Segmentation fault when DataLoader processes are launched after compiling Triton kernels

I am working on a project that involves restructuring a network over different phases of training. Key aspects of this involves calls to custom Triton code, which is compiled and autotuned on the fly as the different phases of training are reached. Occasionally and without clear pattern, this would result in a segmentation fault through a DataLoader when Triton code is compiled, either immediately or when attempting to load the next batch.

I eventually narrowed it down to something very simple. It only seems to depend on compiling Triton code while DataLoaders are used with multiprocessing, and without persistance. Below is code that reproduces the issue consistently. If enable_multiprocessing=True and enable_persistance=False and enable_triton=True, the program crashes when attempting to query the DataLoaders on the second epoch. If enable_multiprocessing=False or enable_persistance=True or enable_triton=False, the program does not crash.

I am surprised this is an issue as it seems like a very common use case.
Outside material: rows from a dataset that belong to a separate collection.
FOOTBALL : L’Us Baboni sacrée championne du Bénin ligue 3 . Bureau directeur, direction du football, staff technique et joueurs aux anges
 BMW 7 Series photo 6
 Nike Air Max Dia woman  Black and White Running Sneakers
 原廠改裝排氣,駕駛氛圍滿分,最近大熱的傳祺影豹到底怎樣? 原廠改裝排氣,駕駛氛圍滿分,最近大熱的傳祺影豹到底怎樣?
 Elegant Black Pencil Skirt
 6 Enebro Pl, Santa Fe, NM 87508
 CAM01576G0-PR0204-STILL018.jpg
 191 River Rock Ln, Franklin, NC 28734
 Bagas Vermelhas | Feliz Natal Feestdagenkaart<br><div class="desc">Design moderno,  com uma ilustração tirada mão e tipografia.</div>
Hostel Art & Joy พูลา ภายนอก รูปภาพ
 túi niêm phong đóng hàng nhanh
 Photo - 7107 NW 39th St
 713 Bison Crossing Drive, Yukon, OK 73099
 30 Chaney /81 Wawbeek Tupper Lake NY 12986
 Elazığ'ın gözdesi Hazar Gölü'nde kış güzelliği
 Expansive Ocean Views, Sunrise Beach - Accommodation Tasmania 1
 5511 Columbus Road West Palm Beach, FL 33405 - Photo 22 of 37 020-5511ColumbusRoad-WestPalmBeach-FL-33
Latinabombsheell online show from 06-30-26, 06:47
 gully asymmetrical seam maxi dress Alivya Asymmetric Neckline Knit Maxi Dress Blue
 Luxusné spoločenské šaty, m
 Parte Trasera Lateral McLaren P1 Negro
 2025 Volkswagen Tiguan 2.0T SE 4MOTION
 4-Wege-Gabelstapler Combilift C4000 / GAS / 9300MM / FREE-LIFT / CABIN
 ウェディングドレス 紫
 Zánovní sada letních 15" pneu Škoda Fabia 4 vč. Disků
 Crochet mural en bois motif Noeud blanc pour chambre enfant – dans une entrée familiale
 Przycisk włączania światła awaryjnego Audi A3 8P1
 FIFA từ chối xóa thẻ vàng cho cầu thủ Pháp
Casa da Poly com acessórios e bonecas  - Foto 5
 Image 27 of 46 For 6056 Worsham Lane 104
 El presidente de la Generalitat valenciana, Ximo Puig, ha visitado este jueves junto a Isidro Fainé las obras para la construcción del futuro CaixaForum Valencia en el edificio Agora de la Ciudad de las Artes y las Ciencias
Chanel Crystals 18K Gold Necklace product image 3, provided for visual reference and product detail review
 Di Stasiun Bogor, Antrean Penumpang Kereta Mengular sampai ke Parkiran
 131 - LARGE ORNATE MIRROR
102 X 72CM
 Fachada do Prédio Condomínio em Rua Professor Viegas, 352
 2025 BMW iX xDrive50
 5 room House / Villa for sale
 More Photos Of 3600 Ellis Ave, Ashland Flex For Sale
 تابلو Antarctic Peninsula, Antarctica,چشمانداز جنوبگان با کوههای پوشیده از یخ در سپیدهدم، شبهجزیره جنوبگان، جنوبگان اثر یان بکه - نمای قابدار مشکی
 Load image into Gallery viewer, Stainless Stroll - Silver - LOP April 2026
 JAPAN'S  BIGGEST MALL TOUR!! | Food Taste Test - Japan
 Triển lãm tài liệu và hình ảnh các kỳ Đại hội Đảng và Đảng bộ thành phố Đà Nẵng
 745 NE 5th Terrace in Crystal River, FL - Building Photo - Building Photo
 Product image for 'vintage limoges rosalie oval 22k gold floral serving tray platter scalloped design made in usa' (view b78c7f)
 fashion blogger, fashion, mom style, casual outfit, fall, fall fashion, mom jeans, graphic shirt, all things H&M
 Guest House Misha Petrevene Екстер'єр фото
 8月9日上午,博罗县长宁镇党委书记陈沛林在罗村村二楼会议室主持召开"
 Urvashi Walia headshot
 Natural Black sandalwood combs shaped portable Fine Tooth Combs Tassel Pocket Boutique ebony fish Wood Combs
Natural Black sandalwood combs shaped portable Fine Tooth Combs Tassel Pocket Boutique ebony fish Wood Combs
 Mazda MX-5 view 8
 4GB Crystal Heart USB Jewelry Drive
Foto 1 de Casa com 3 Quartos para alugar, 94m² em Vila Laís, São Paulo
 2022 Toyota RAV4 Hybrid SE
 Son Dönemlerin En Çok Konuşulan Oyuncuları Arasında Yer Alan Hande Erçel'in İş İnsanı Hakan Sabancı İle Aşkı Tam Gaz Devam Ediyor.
I hope this can be resolved.

import torch
import torch.utils.data
import triton

@triton.jit()
def add_kernel(
    a_pointer,
    b_pointer,
    c_pointer,
    stride_a_batch,
    stride_a_vector,
    stride_b_batch,
    stride_b_vector,
    stride_c_batch,
    stride_c_vector,
    LENGTH_BATCH: triton.language.constexpr,
    LENGTH_VECTOR: triton.language.constexpr,
    BLOCK_SIZE_BATCH: triton.language.constexpr,
    BLOCK_SIZE_VECTOR: triton.language.constexpr,
):
    program_batch = triton.language.program_id(0)
    program_vector = triton.language.program_id(1)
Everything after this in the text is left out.